Saarbrückener Zoll leitete 128 Verfahren gegen Firmen ein

Bauarbeiter hält in gelbe Farbe getauchte Hand in die Kamera
(Foto: IG BAU | Tobias Seifert)

Das Hauptzollamt Saarbrücken, das auch für den Landkreis St. Wendel zuständig ist, hat im vergangenen Jahr 128 Ermittlungsverfahren eingeleitet, weil Unternehmen entweder den gesetzlichen Mindestlohn oder bestehende Branchenmindestlöhne unterschritten, gar nicht oder zu spät gezahlt haben. Als Folge der kriminellen Praktiken wurden rund 106.000 Euro Verwarnungs- und Bußgelder verhängt. Das teilt die IG Bauen-Agrar-Umwelt (IG BAU) mit.

Die Gewerkschaft beruft sich dabei auf eine Erhebung des Bundesfinanzministeriums für den Bundestagsabgeordneten Bernhard Daldrup (SPD), der auch Mitglied im Finanzausschuss des Parlaments ist. Zum Vergleich: 2021 leitete das Hauptzollamt Saarbrücken insgesamt 79 Ordnungswidrigkeitsverfahren wegen des Betrugs und der Trickserei bei Mindestlöhnen ein. Die Höhe der Verwarn- und Bußgelder lag bei rund 147.000 Euro.

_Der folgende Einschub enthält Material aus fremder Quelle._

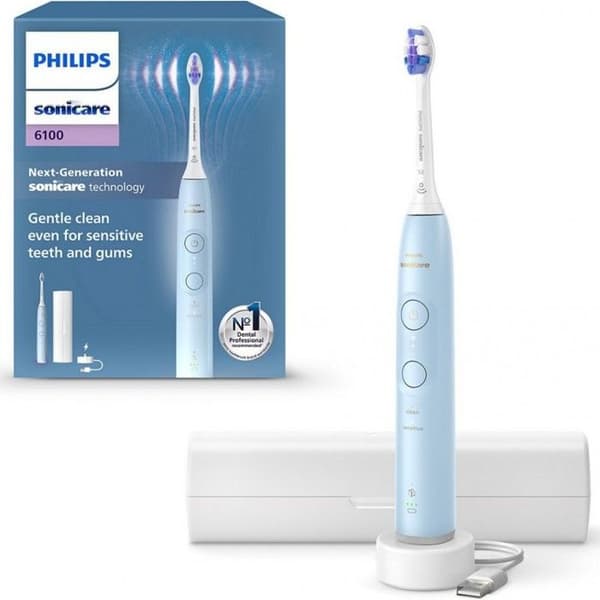 Philips Sonicare 6100 - Elektrisk tandborste med 2 borstlägen, 3 intensitetsnivåer, Tryckvarning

„Auch wenn sich der überwiegende Teil der Unternehmen gesetzestreu verhält: Insbesondere auf dem Bau gibt es immer wieder ‚schwarze Schafe‘. So hat die Finanzkontrolle Schwarzarbeit (FKS) des Hauptzollamts Saarbrücken im vergangenen Jahr allein 20 Verfahren wegen Mindestlohnverstößen auf Baustellen eingeleitet“, so Ute Langenbahn.

Für die Bezirksvorsitzende der IG BAU Saar-Trier sind die Ermittlungsverfahren nur die „Spitze des Eisbergs“. Die tatsächlichen Zahlen dürften, so die Einschätzung von Ute Langenbahn, weitaus höher sein. „Die Zahl der Mindestlohn-Kontrollen ist zu niedrig. Das Risiko, erwischt zu werden, ist für Mindestlohnbetrüger viel zu gering. Hier muss es einen stärkeren Kontrolldruck geben. Deshalb sollte der Zoll auch im Landkreis St. Wendel noch mehr Präsenz zeigen. Dafür ist allerdings entscheidend, dass die FKS zusätzliches Personal bekommt“, so die Bezirksvorsitzende.